Two facilities are provided - the ability to test if a word is in a vocabulary and if it is not, the ability to find suggestions from the vocabulary that closely match the original word.


Usage
You can now do spell checking and suggestions on a vocabulary:
vocabulary := English vocabulary.
vocabulary add: 'spelling'.
vocabulary suggestWords: 'xpelling'.

There are two kinds of vocabularies - a compressed vocab and an uncompressed vocab. The compressed version is the class Vocabulary, while the uncompressed version is the class Trie. You can only add words to an uncompressed vocabulary. You can modify a compressed vocabulary using the method mutableWhile:, eg:
vocabulary := Spellchecker2.Vocabulary new.
vocabulary mutableWhile: [:node | node add: 'spelling'].

The same APIs that work on a Vocabulary class also work on a Trie, eg:
node := Trie new.
node add: 'spelling'.
node includes: 'spelling'.
node suggestWords: 'xpelling'.

The difference between Trie and Vocabulary is discussed in more detail in the Architecture section below. For implementation details on either, see their class descriptions.


Implementation
The Vocabulary and Trie structures are graphs of nodes, where duplicate branches are shared. This means that creating a vocabulary can be a potentially costly exercise, if there are many duplicate nodes to compress. As well as that, the native state for a vocabulary is to be compressed, as compressed vocabularies take up a great deal less space than uncompressed (anywhere up to 10x smaller sometimes). Converting a Trie graph in to a Vocabulary can be an expensive operation too, as can converting a Vocabulary in to a Trie graph (using #mutableWhile:).

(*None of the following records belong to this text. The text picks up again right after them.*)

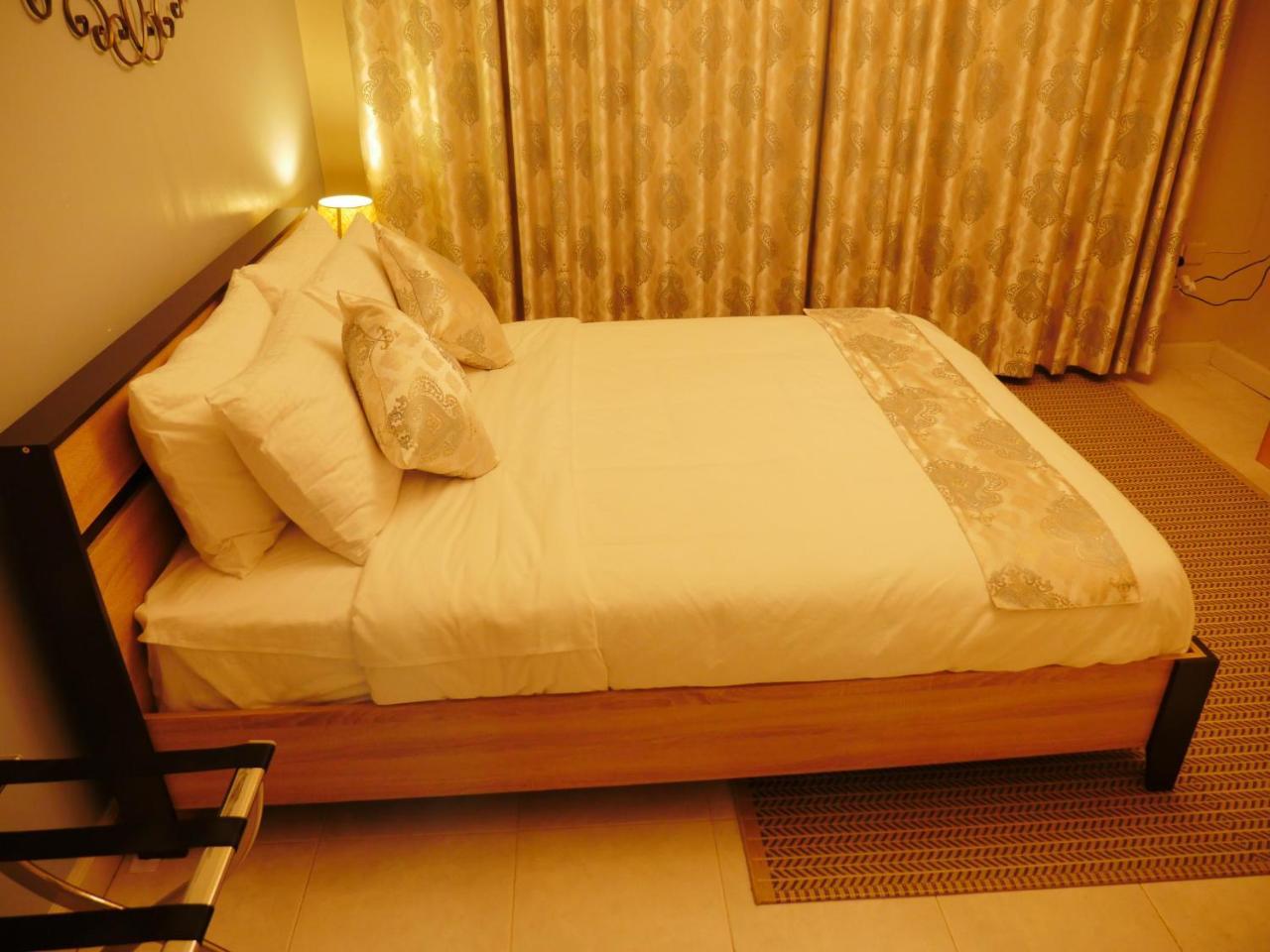 Hotel Ivory Castle Limited Kampala Exterior foto
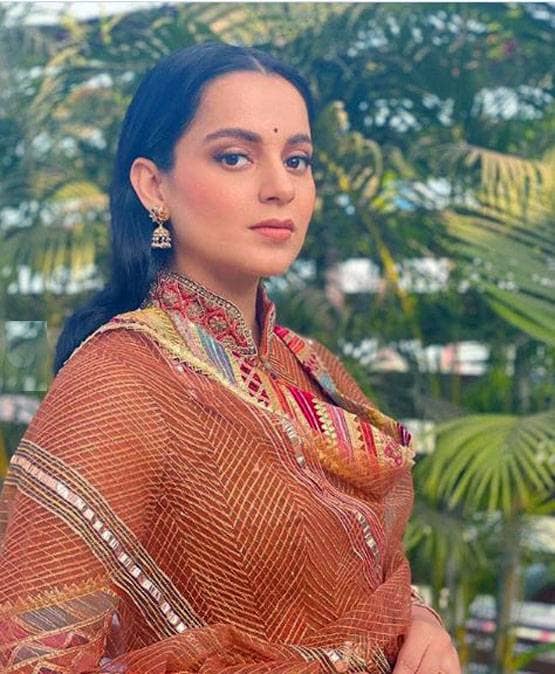 रंगोली का ऋतिक पर निशाना, बोलीं- 'कभी मुझे खुश करने में रहता था बिजी'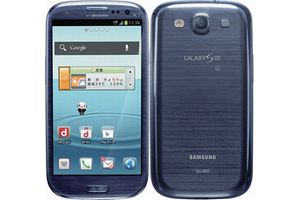 「GALAXY S III SC－06D」（Pebble Blue）（画像：NTTドコモ）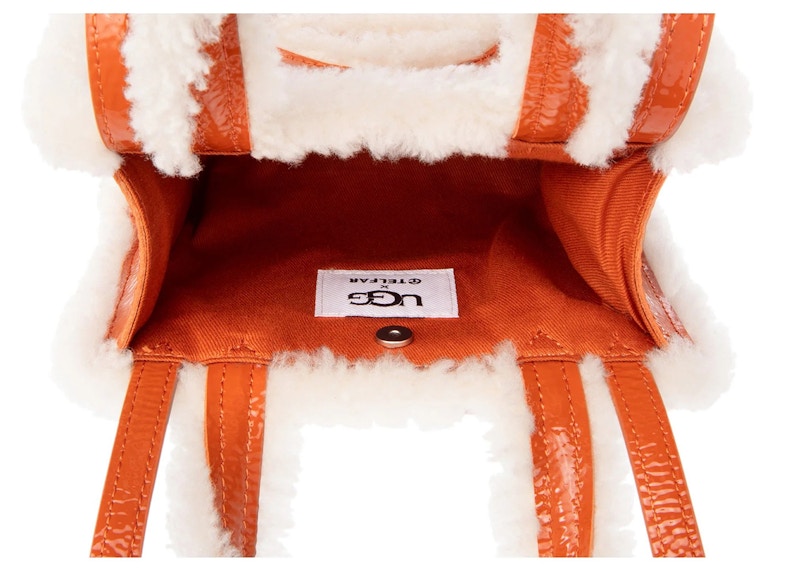 Lookbook Telfar x UGG 小号购物袋褶皱香辣南瓜色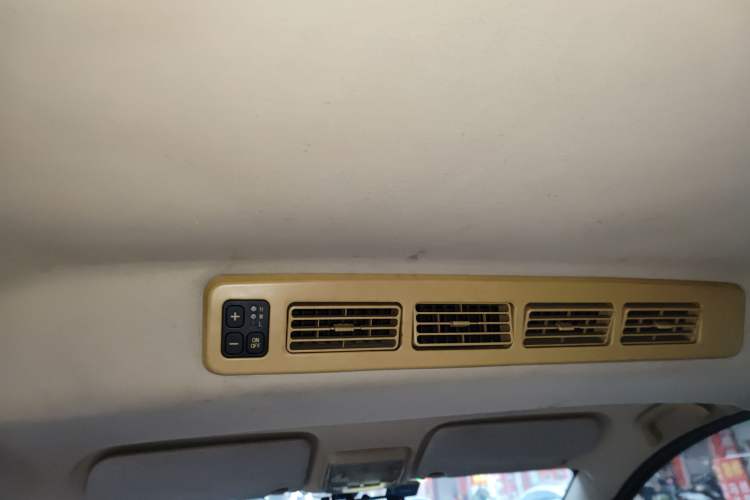 Used Dongfeng Fengon 2013 1.5L Manual Comfort Version DK15 Headliner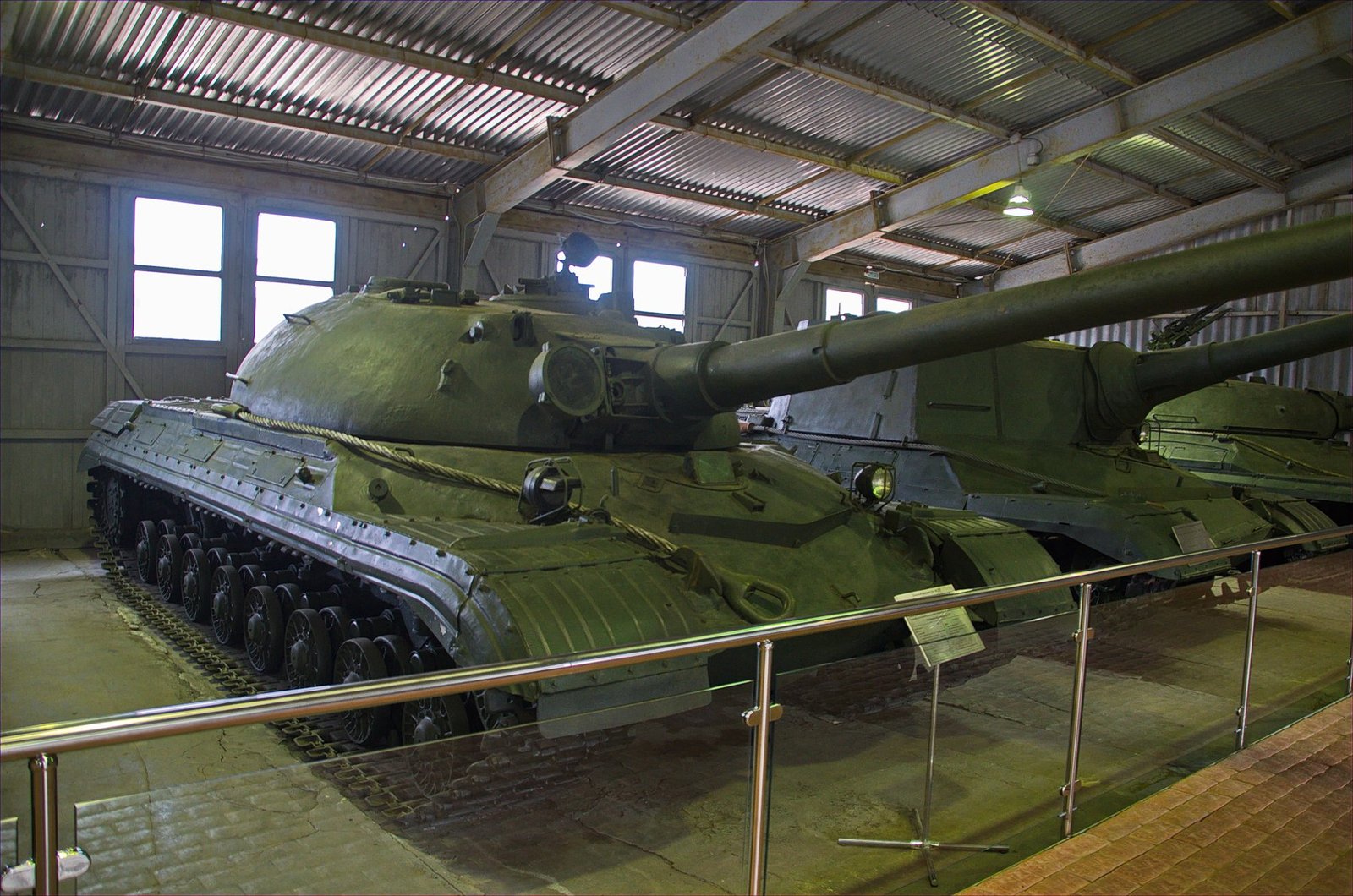 Object 277 in the Kubinka tank museum environment, broad side/front museum view. 1 October 2015. Shows exhibit context; not evidence of original trial paint or fitting.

This is worth noting if you intend to have a 'custom dictionary' that contains words not included in the default dictionary. Instead of updating the main English dictionary, you can instead update a separate smaller dictionary of custom words. Assuming that there are no duplicate words between the two dictionaries, the result of a word search is the union of the two dictionaries.

The English dictionary is kept as a ByteArray in the method English class>>data. It is wrapped in a #once block, which ensures that the ByteArray exists only once in the image, further reducing the memory load of having a word dictionary in memory.

Detecting if a word is in a vocabulary is easy, you simply traverse the tree, which is how the implementation works. If a terminal node is found when it is expected, then the word is in the vocabulary.
Creating word suggestions for a word that is not in the vocabulary is a much trickier prospect. For details on how spelling suggestions are found, see the class LevenshteinAutomata.